20.21 A201–2007 further provides for claims related to additional costs23 (ie an increase in the contractual sums) and additional time.24 Both types of claim require the contractor to serve a written notice upon the owner before continuing to perform their contractual obligations. Moreover, with respect to a claim for additional time, the contractor also needs to include an estimate of the expected additional costs and the likely effect that the delay will have upon the progress of the project, ie the critical path: see section 220.127.116.11 thereof.
20.22 Notwithstanding all other types of claims, claims for consequential damages are expressly excluded by way of mutual waiver under any basic contract concluded on the basis of A201–2007, as set out under section 15.1.6 thereof. That is, of course, unless the parties decide to vary, or omit, this particular provision of this section in their own agreement.
20.23 Whilst (in the previous version of A201) all decision-making powers were vested in the architect, the creation of the third-party IDM has led to a separation of jurisdictions, with some matters reserved to the IDM, whilst others are retained by the architect.
20.24 Under A201–2007, the IDM is authorised to terminate25 the contract and to determine all disputes which arise during the period of contractual performance, save for a selected few. These exceptions include claims relating to:
- Hazardous materials: see section 10.3 of A201–2007;
- Emergencies affecting the safety of persons and property: see section10.4 thereof; and
- The owner’s property insurance: see sections 11.3.9 and 11.3.10 thereof.

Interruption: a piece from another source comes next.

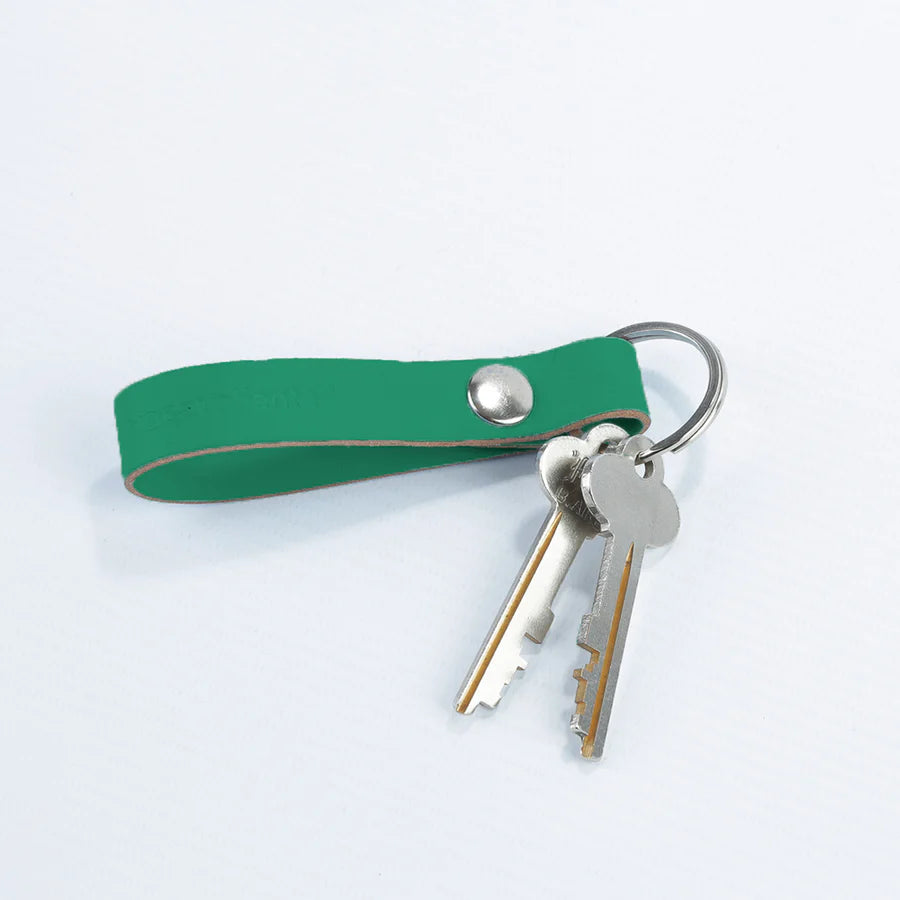 Porte-clés en cuir recyclé - Vert Lotus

- Disputes which emerge between the parties to the contract, not between a party to the contract and a third party; this therefore excludes disputes that may arise between the owner, or contractor, and the architect (eg for a deficiency in the latter’s design plans), or between the contractor and a sub-contractor; and
- Claims that arise prior the date of final payment after such date, the parties can go directly to mediation, or binding dispute resolution:26 see section 15.2.1 of the General Conditions.

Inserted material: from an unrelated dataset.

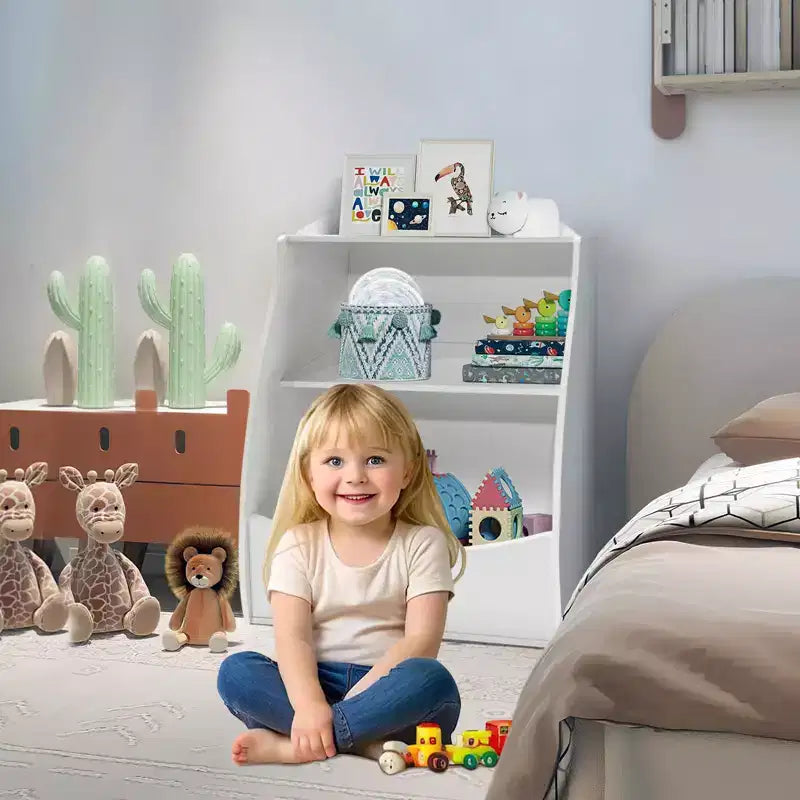 Libreria per bambini - Organizer portaoggetti per libri, armadietto giocattoli per bambini a doppio strato con scomparti aperti per camera da letto, cameretta, sala giochi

20.26 However, any jurisdiction over operational decisions, which relate to the performance of the contract, are not within the IDM’s scope of authority, but remain within the architect’s ambit of determination:27 see section 4.2.14 of A201–2007. This includes any interpretation of the contractual documents and any information relating to these. Accordingly, a situation may arise in which the IDM’s decision is in conflict with the architect’s prior determination. The AIA provides no guidance upon how the architect and the IDM should proceed in this case, whether the IDM can continue with their task, without taking the architect’s view into account, or whether there should be a co-ordination of their responsibilities.
20.27 Indeed, this type of overlapping powers has the potential to bring back bias through the backdoor, since the whole point of the A201–2007 revision was to eliminate the architect’s influence in the dispute resolution process. It is suggested that it would therefore be contrary to the objective of the AIA’s new procedure to bind the IDM to the architect’s earlier decision. Hence, it is highly recommended to clarify this position and the relationship between the IDM and the architect in the individual contract so as to avoid conflict at a later point.